As we cross this ten-year milestone, I wanted to share a few of my personal reflections, not in any particular order.
1. Follow your curiosity, not your business plan
People often ask me for advice on how to take an idea like cultural intelligence and monetize it. There are experts who teach that kind of thing, but I never set out to be a business owner, author, or speaker. I’ve been fascinated by people and cultures for as long as I can remember. That’s what drove me to pursue the jobs I had, the research I did, and eventually, the books and speaking that emerged. I’ve been surprised by how much I’ve enjoyed the entrepreneurial aspect of leading the CQ Center, but the work we do is what got me started and what keeps me going.

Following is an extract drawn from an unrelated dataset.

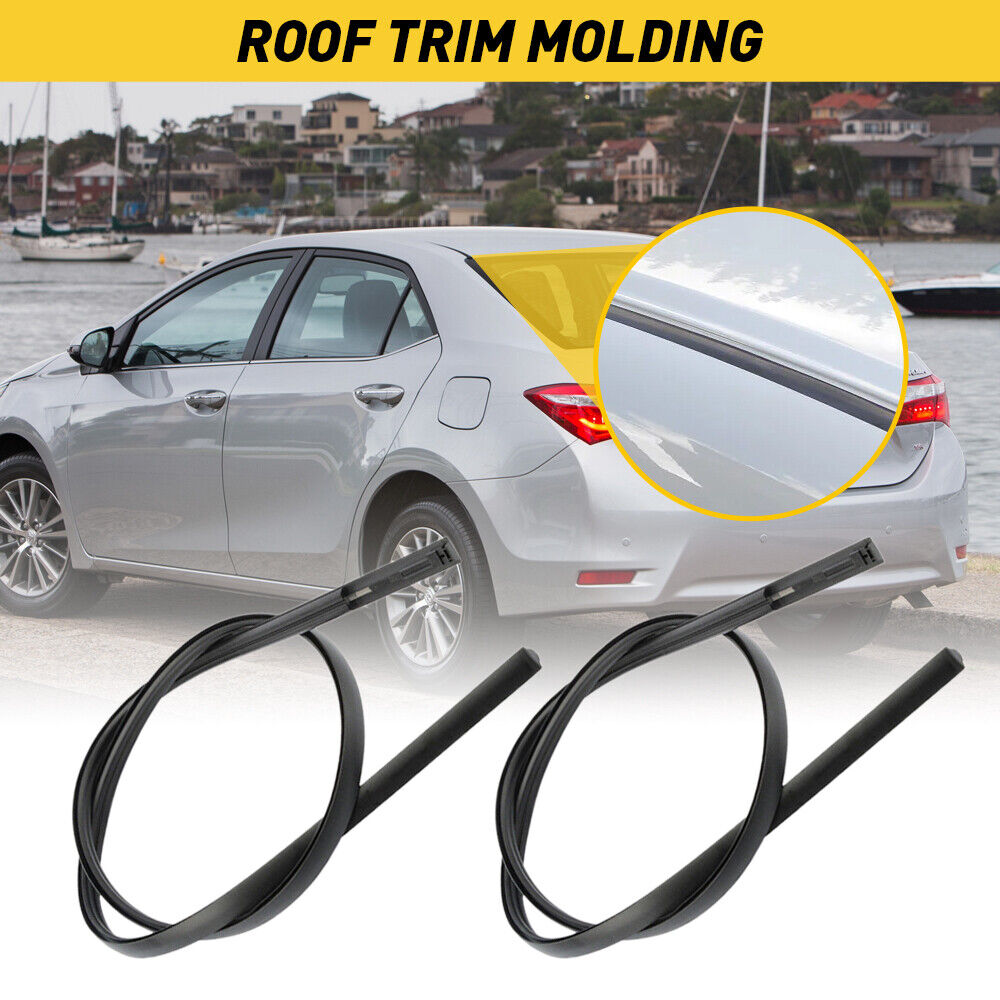 For 2014-2017 Toyota Corolla Sedan 2X Left & Right Roof Drip Trim Molding Black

2. CQ is not a silver bullet
Soon Ang, Linn Van Dyne, and I are incredibly humbled by the way CQ has been adopted by so many individuals and organisations around the world. But we sometimes encounter individuals who are more dogmatic about the benefits of CQ than we are. The research supporting CQ’s predictive validity is astounding. But it’s not a be-all, end-all to the complex issues of colliding people and cultures. CQ provides a critical link for offering individuals and organisations the foundational skills for working effectively with diverse groups. We do a disservice when we present CQ as the silver bullet.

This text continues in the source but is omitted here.